Specifies spatial layouts, messages, and interaction techniques, using direct mapping between:

  • Task operators
  • Objects
  • Human factors guidelines
  • Dialogue specifications
  • Interaction methods
  • Rules:
  1. Interface behavior follows from task operators and domain standards.
  2. Implementation (widgets, layouts) follows from interface behavior and system environment.
  3. High-level design consistency is maintained.

5. Example: Customer Service Application

In a utility company’s customer service system:

  • A representative performs tasks like Check identity, Check payments, Check consumption, Compare last year.
  • The high-level design defines screens aligned to these tasks.
  • The detailed design maps each operator (e.g., discriminate, recognize, select) to interface elements such as text fields, icons, and buttons.
    This ensures logical and ergonomic consistency across the workflow.
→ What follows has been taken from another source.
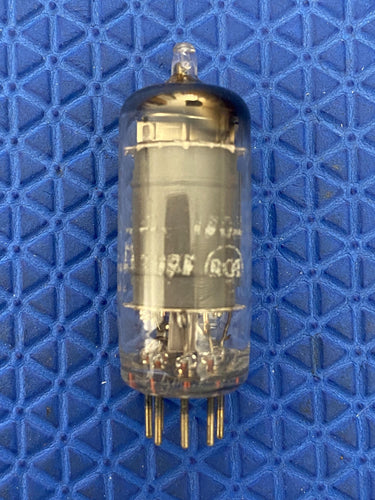 RCA 6BA6 Vacuum Tube Valve White Label NOS NIB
6. Discussion and Implications

The proposed framework:

  • Provides a formal and practical link between human factors guidelines and task modeling.
  • Has been validated in eight commercial projects (banking, finance, customer service).
  • Can potentially standardize and automate parts of UI design.

Future research aims to:

  • Extend the taxonomy of task operators to new domains.
  • Classify and test additional operators.
  • Refine mappings with updated cognitive and ergonomic data.

7. References

  • Aubin, F., Robert, J.-M., Engelberg, D. (1994). From Task Analysis to User Interface Design. Proceedings of the 12th Triennial Congress of the International Ergonomics Association, Toronto.

8. Key Takeaways

  • The paper bridges the gap between task analysis and interface design through a cognitive-ergonomic mapping model.
  • It formalizes what was previously intuitive—creating a traceable, semi-automatable pipeline from user tasks to interface specifications.
  • This framework remains foundational in cognitive engineering, usability design, and model-based UI generation.